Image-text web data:
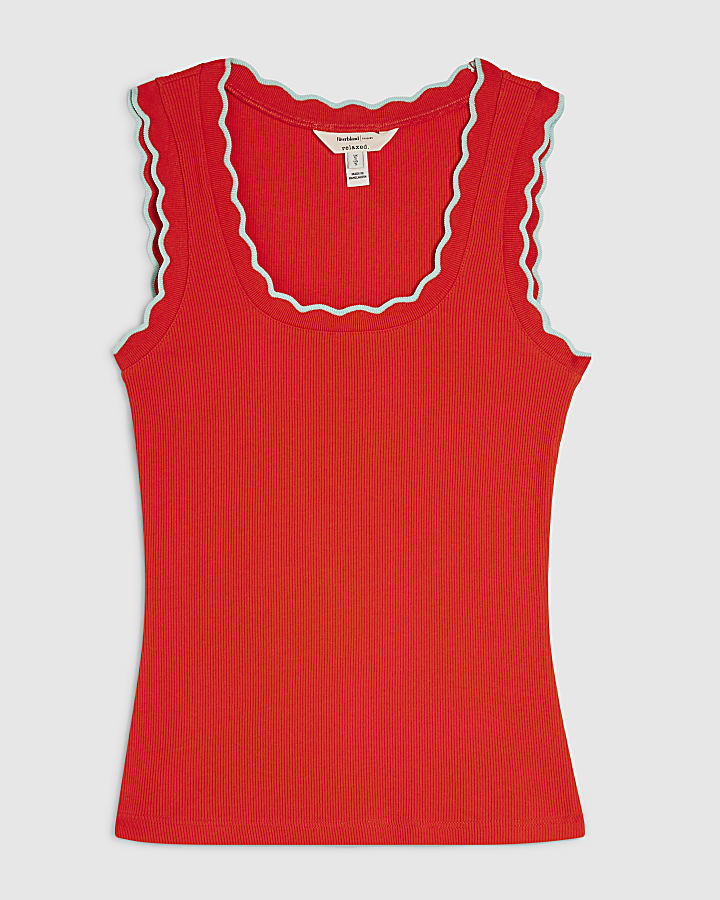 Red Cotton Blend Scallop Trim Tank Top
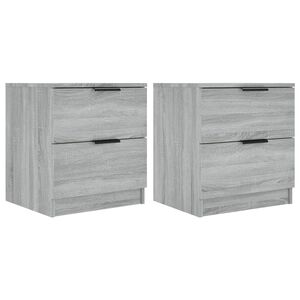 vidaXL Tables de chevet 2 pcs Sonoma gris Bois d'ing&eacute;nierie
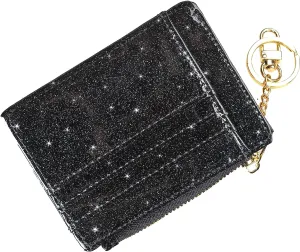 woogwin Slim RFID Credit Card Holder for Women Mini Front Pocket Wallet Purse With Keychain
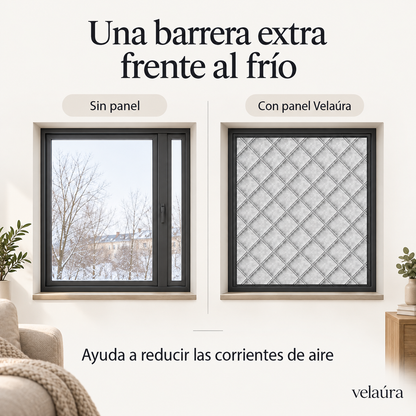 Panel aislante colocado sobre una ventana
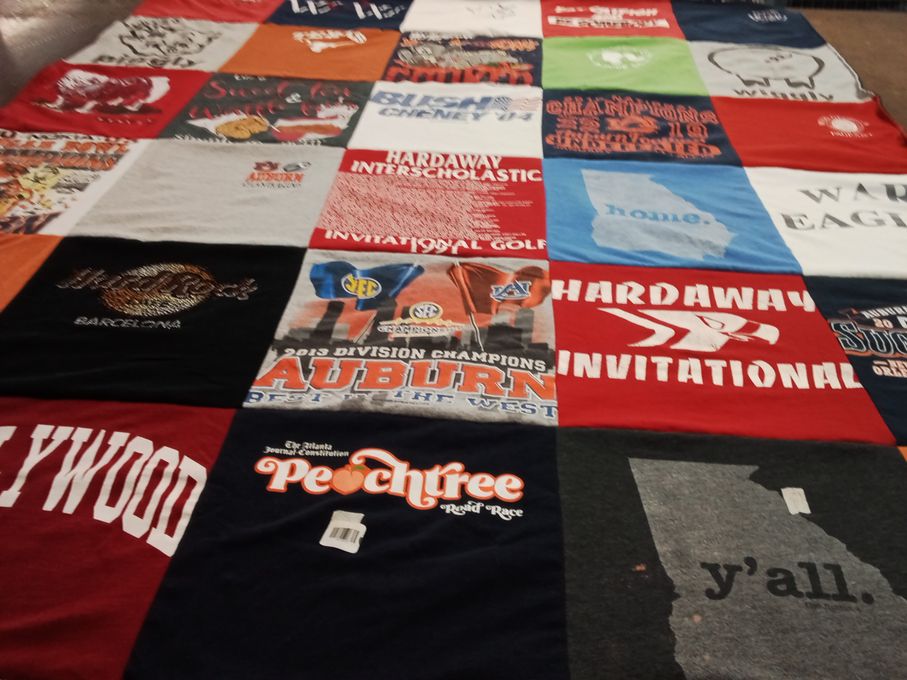 T-shirt quilt featuring auburn university by MARY from GA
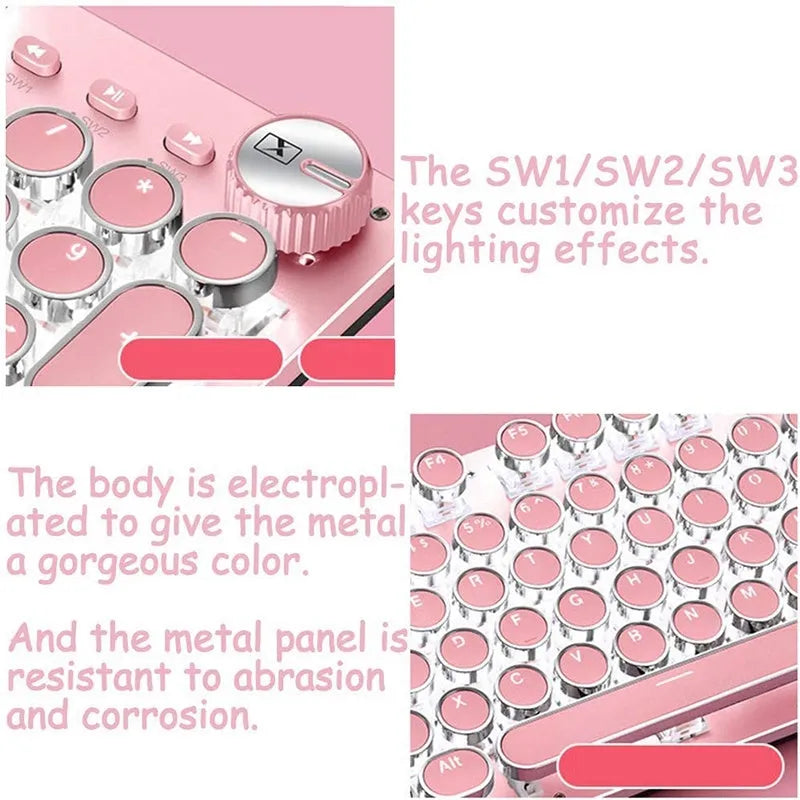 Queen Lipstick mechanical keyboard with green switches, pink keys on silver base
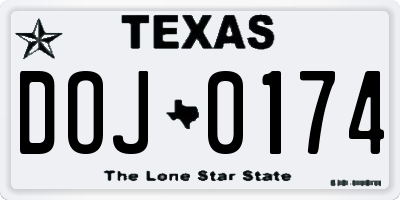 TX license plate DOJ0174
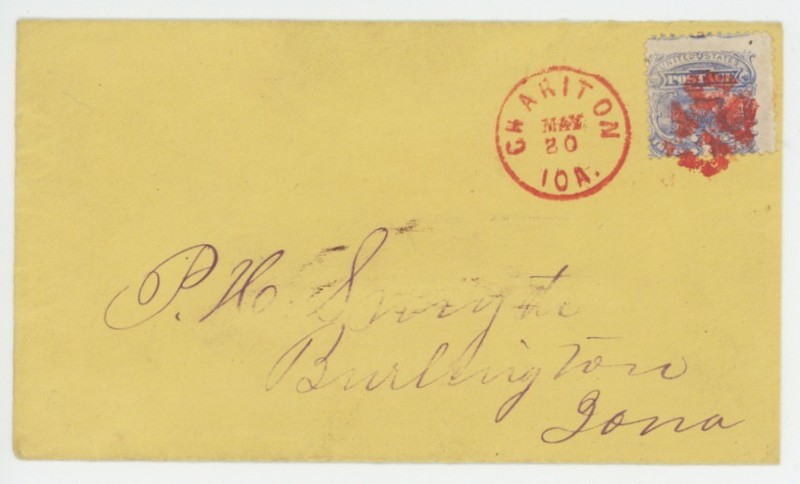 Mr Fancy Cancel SC 114 CHARITON IOA BURLINGTON IOWA RED CROSSROADS CANCEL 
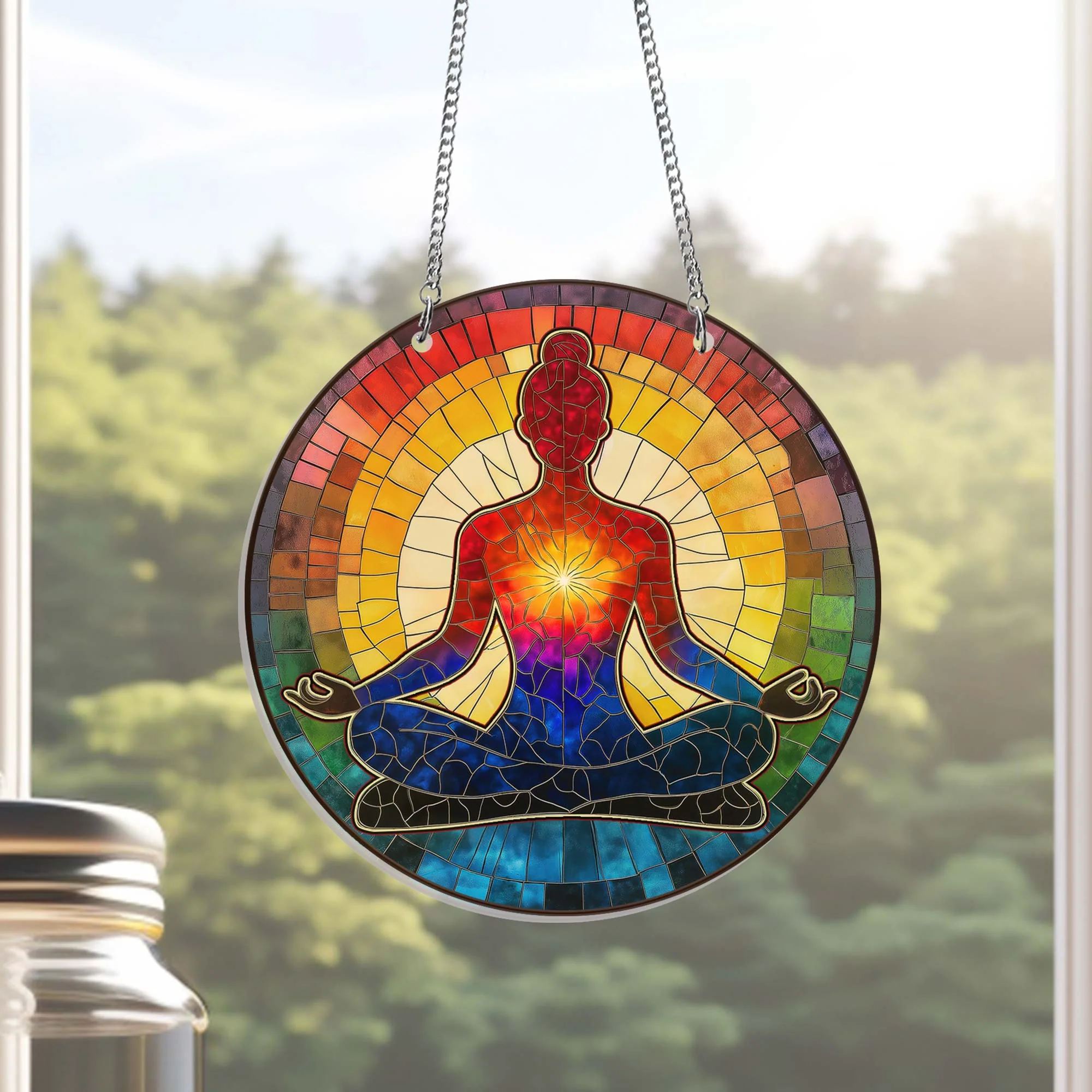 Yoga Acrylic Suncatcher Hanging
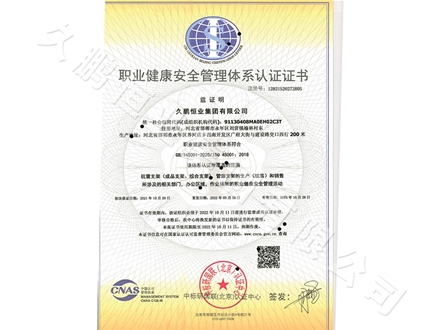 職業(yè)健康安全管理體系認證證書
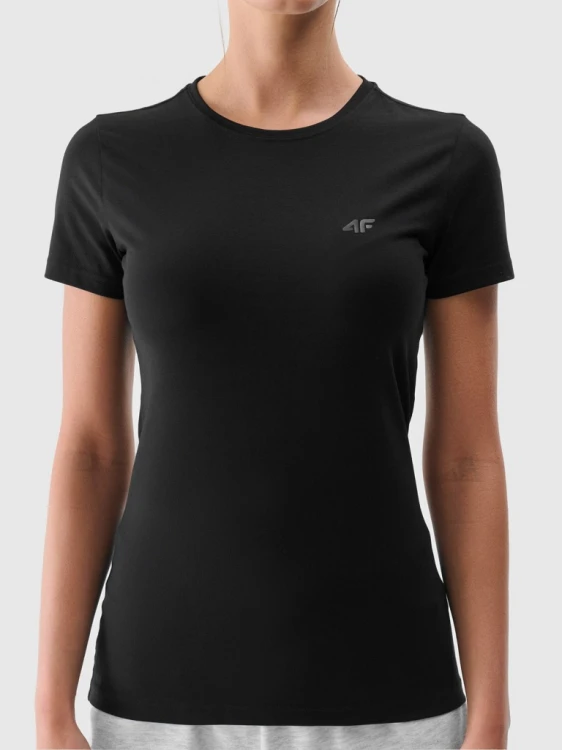 Nowy! 4F T-shirt damski czarny roz. S z małym logo (842)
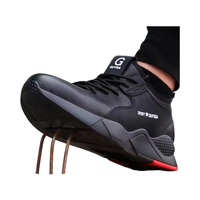 Marque travail botte mode noir anti-dérapant imperméable en cuir acier orteil chaussures de sécurité pour hommes industrie lourde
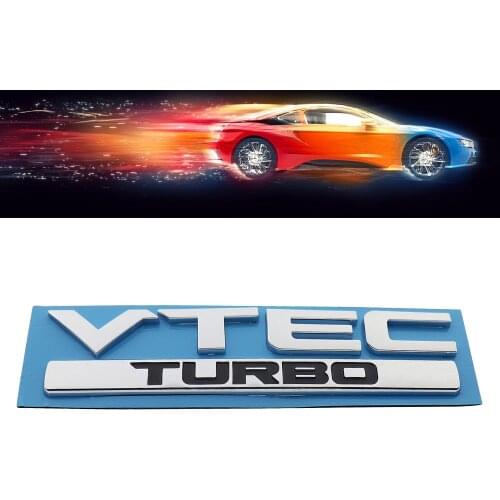 Chrome Black VTEC TURBO for JAZZ CIVIC Trunk Rear Nameplate Emblem Badge Sticker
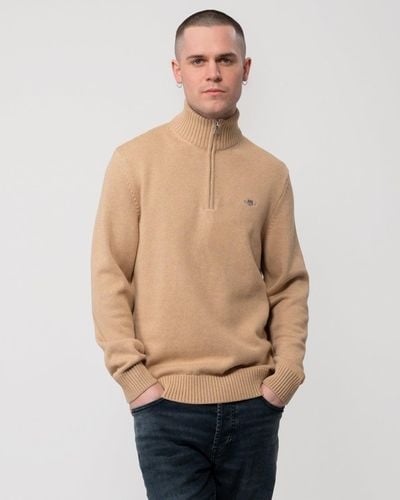 GANT Casual Cotton Half Zip Sweater - Natural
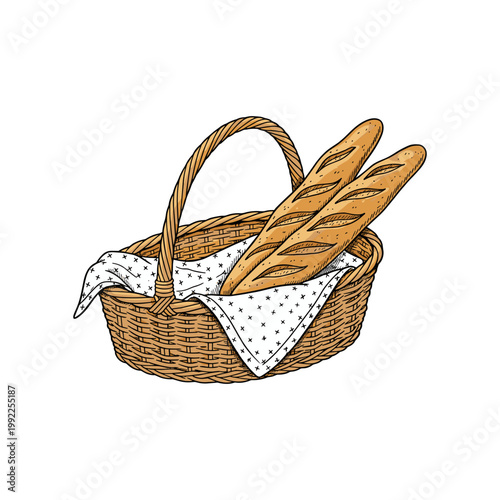 Hand Drawn Woven Basket With Three Golden Crusty Baguettes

### Exercise prompt
Omit the pictures, then extract verbatim only those lines that fall between the line containing "vidaXL Tables de" and the final line of the records above, both included.

### Solution to this problem
 vidaXL Tables de chevet 2 pcs Sonoma gris Bois d'ing&eacute;nierie
 woogwin Slim RFID Credit Card Holder for Women Mini Front Pocket Wallet Purse With Keychain
 Panel aislante colocado sobre una ventana
 T-shirt quilt featuring auburn university by MARY from GA
 Queen Lipstick mechanical keyboard with green switches, pink keys on silver base
 TX license plate DOJ0174
 Mr Fancy Cancel SC 114 CHARITON IOA BURLINGTON IOWA RED CROSSROADS CANCEL 
 Yoga Acrylic Suncatcher Hanging
 職業(yè)健康安全管理體系認證證書
 Nowy! 4F T-shirt damski czarny roz. S z małym logo (842)
 Marque travail botte mode noir anti-dérapant imperméable en cuir acier orteil chaussures de sécurité pour hommes industrie lourde
 Chrome Black VTEC TURBO for JAZZ CIVIC Trunk Rear Nameplate Emblem Badge Sticker
 GANT Casual Cotton Half Zip Sweater - Natural
 Hand Drawn Woven Basket With Three Golden Crusty Baguettes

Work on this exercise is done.